Kentucky allows nonprofit groups to arrange for license plate designs, subject to some conditions:

(c) The group, or the group’s lettering, logo, image, or message to be placed on the license plate, if created, shall not discriminate against any race, color, religion, sex, or national origin, and shall not be construed, as determined by the cabinet, as an attempt to victimize or intimidate any person due to the person’s race, color, religion, sex, or national origin;

(d) The group shall not be a political party and shall not have been created primarily to promote a specific political belief;

(e) The group shall not have as its primary purpose the promotion of any specific faith, religion, or antireligion.

(f) The name of the group shall not be the name of a special product or brand name, and shall not be construed, as determined by the cabinet, as promoting a product or brand name;  and

(g) The group’s lettering, logo, image, or message to be placed on the license plate, if created, shall not be obscene, as determined by the cabinet.

It also lets individuals set up their own vanity plates—the combinations of letters and numbers that identifies the car, not the overall plate design—but requires them “to comply with the conditions” set forth for the plate designs. Bennie Hart asked for a license plate that said IM GOD, but the request was denied “based on its reference to religion.”

Unconstitutional, said Judge Gregory F. Van Tatenhove yesterday in Hart v. Thomas (E.D. Ky.).

[1.] Vanity plate contents are private speech, not government speech. Though Walker v. Sons of Confederate Veterans held that license plate designs are government speech, and the government can generally pick and choose which ones are allowed, vanity plates convey the owner’s own views. In this, the court rejected a recent contrary Indiana Supreme Court decision, and followed instead the reasoning in a recent Maryland high court decision.

[2.] The vanity plate program is a nonpublic forum, so the government has some power to restrict speech there—but only in a viewpoint-based and reasonable way. And

Based on the facts of this case, § 186.174(1) is unreasonable as applied to Mr. Hart. The Transportation Cabinet argues that a statute banning religious reference is reasonable because it is necessary to support its legitimate government interest in “promot[ing] highway safety” because “potentially controversial messages … could lead to confrontation or distraction on its highways.” The Sixth Circuit has stated that avoidance of controversy is a valid ground for restricting speech in a nonpublic forum, because a nonpublic forum is not dedicated to general debate or the free exchange of ideas. See United Food & Commer. Workers Union, Local 1099 v. Southwest Ohio Reg’l Transit Auth., 163 F.3d 356 (6th Cir. 1998) (collecting cases). However, the Transportation Cabinet has been so inconsistent in its application of § 186.174 that it has ceased to be “consistent with [Kentucky’s] legitimate government interest” in any way.

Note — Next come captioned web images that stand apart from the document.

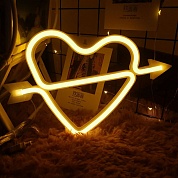 Световая фигура Сердце, со стрелой, Теплый белый, 18*28 см. 1 шт.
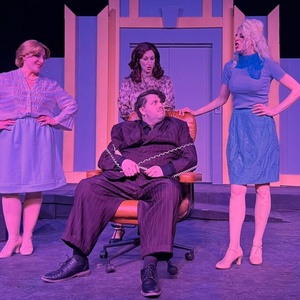 Review: Polyester, Poison and the Patriarchy Collide in
9 TO 5 at Tower Grove Abbey Photo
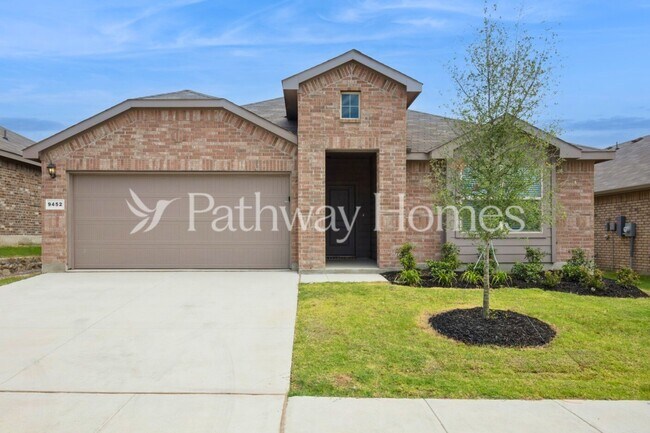 9452 Mint Hill Dr in Fort Worth, TX - Building Photo - Building Photo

If the Transportation Cabinet genuinely wants to avoid controversy on Kentucky’s highways by preventing “promotion of any specific faith, religion, or anti-religion” from appearing on vanity plates, then it should have denied “IM4GOD”, “ASKGOD”, GR8GOD”, “LUVGOD”. But it did not. Instead, the Transportation Cabinet has approved multipl[e] vanity plates featuring the word “god”. This suggests that the law as applied to Mr. Hart is neither reasonable nor viewpoint neutral.

Seems right to me.

[3.] Given Matal v. Tam (the Slants case), I think that the exclusion of messages that “discriminate against any race, color, religion, sex, or national origin” (if understood as banning messages that support such discrimination) and messages that “attempt to victimize or intimidate any person due to the person’s race, color, religion, sex, or national origin” would be unconstitutionally viewpoint-based. (A ban on speech that conveys true threats against people would be constitutional, but such threats are hard to communicate in six letters or numbers, especially if the threat specifically targets a certain group; and in any event, given R.A.V. v. City of St. Paul, even restrictions on true threats are unconstitutional if they discriminate against bigoted viewpoints.)

Likewise, given Rosenberger v. Rector and Matal, the exclusion of material that is primarily meant to “promot[e] … any specific faith, religion, or antireligion” would be unconstitutionally viewpoint-based even if it had been evenhandedly applied. But the court had no occasion to deal with the restrictions on “discriminatory,” “victimizing,” or “intimidating” messages, and it declined to consider a facial challenge to the restriction on religion-related messages.

Thanks to Prof. Howard Friedman (Religion Clause) for the pointer.